=== Work order ===
An exact copy of every entry is needed, with the images left out.

[Opening Supplied information section]

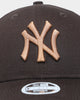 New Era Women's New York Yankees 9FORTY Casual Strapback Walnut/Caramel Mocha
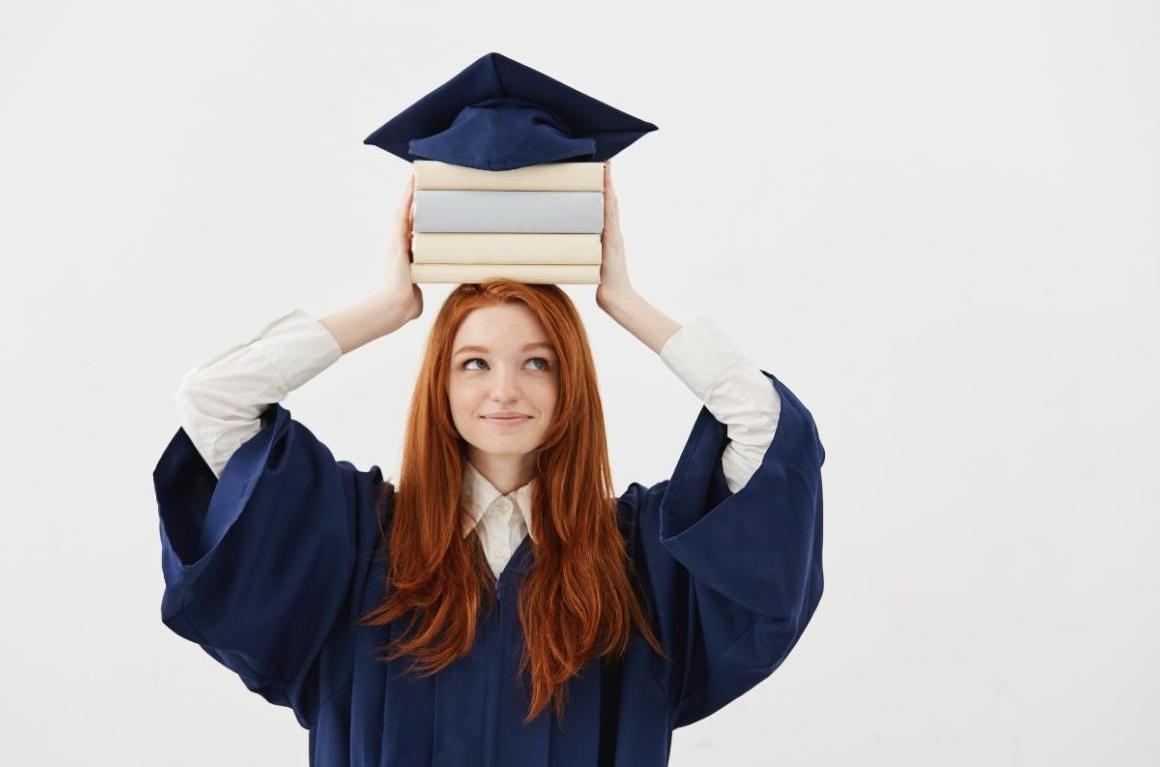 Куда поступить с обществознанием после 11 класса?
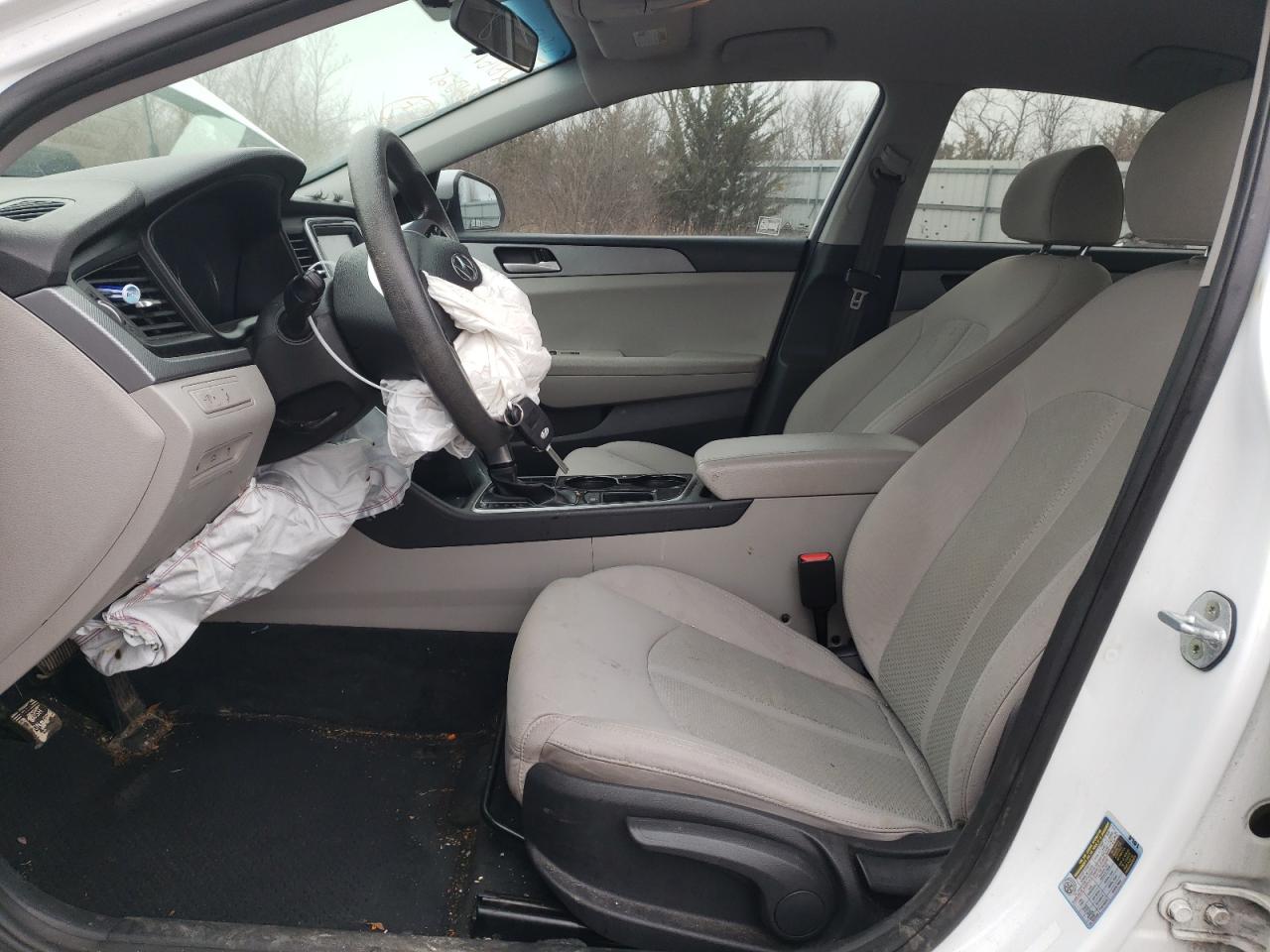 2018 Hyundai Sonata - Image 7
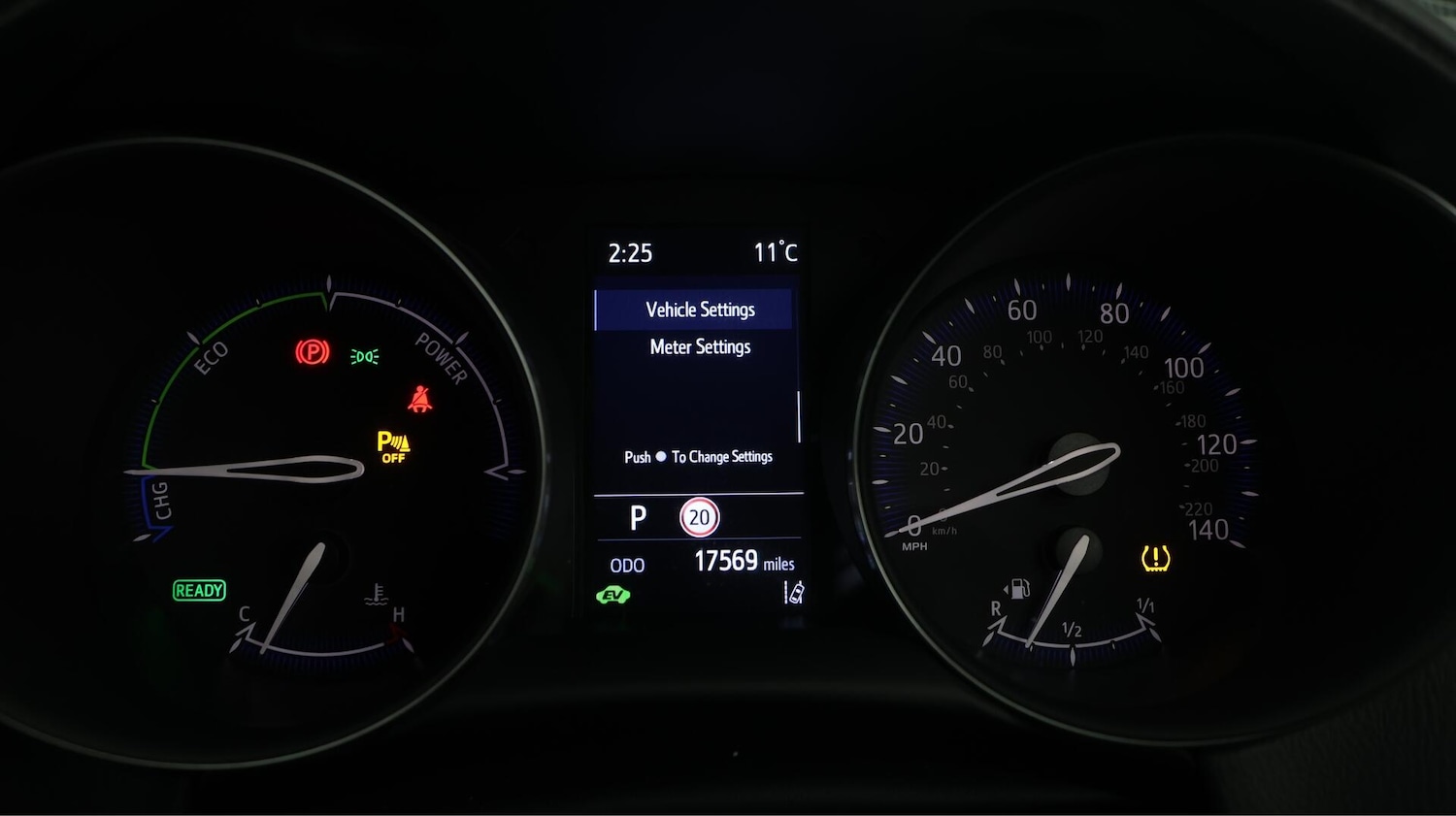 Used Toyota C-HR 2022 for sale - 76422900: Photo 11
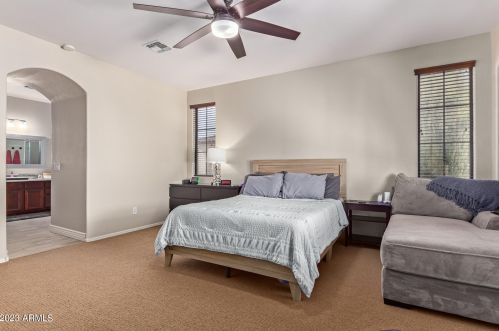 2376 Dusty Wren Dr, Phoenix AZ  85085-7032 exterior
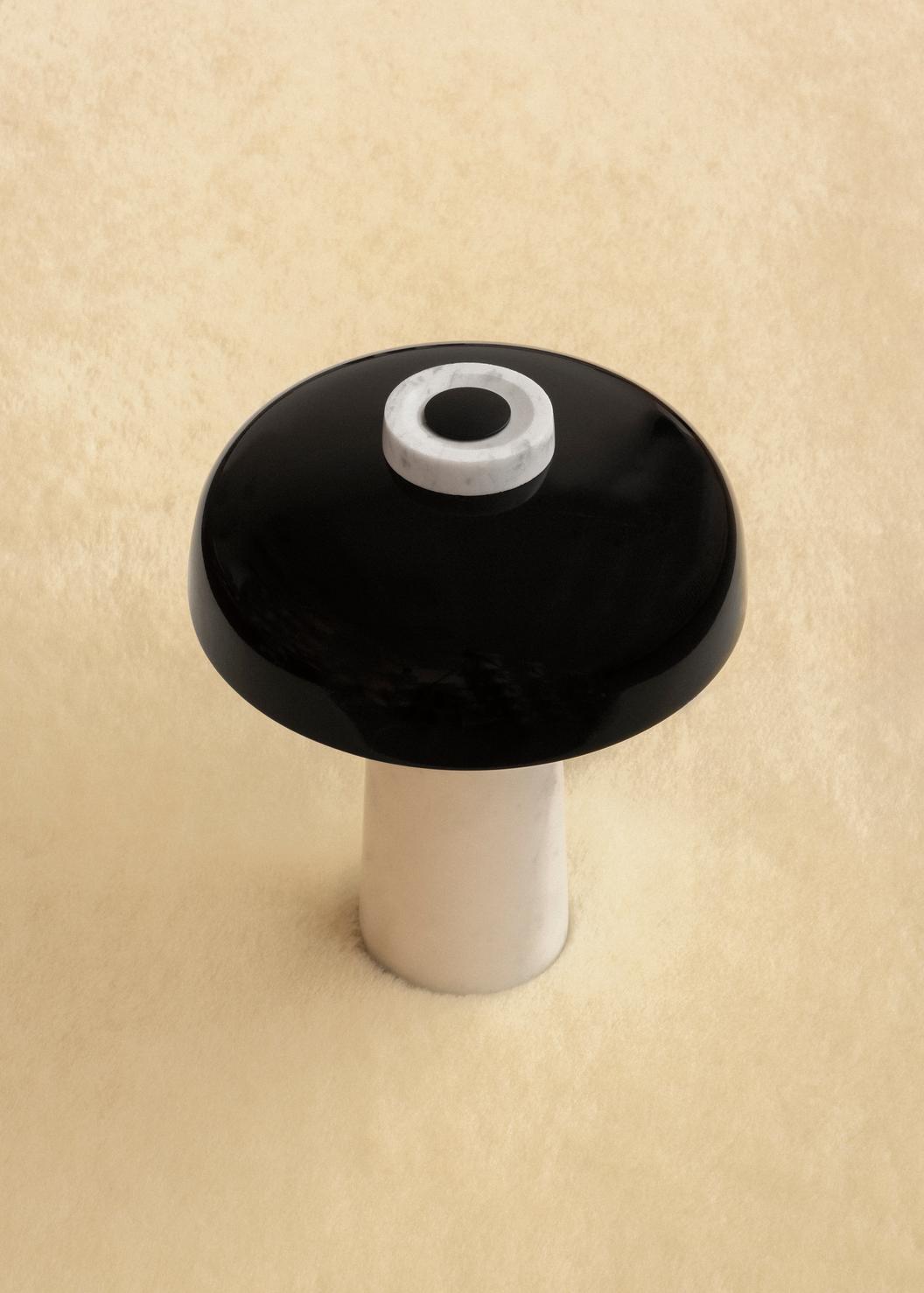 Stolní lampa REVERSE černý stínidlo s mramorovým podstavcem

[Closing Supplied information section]

=== Final answer ===
 New Era Women's New York Yankees 9FORTY Casual Strapback Walnut/Caramel Mocha
 Куда поступить с обществознанием после 11 класса?
 2018 Hyundai Sonata - Image 7
 Used Toyota C-HR 2022 for sale - 76422900: Photo 11
 2376 Dusty Wren Dr, Phoenix AZ  85085-7032 exterior
 Stolní lampa REVERSE černý stínidlo s mramorovým podstavcem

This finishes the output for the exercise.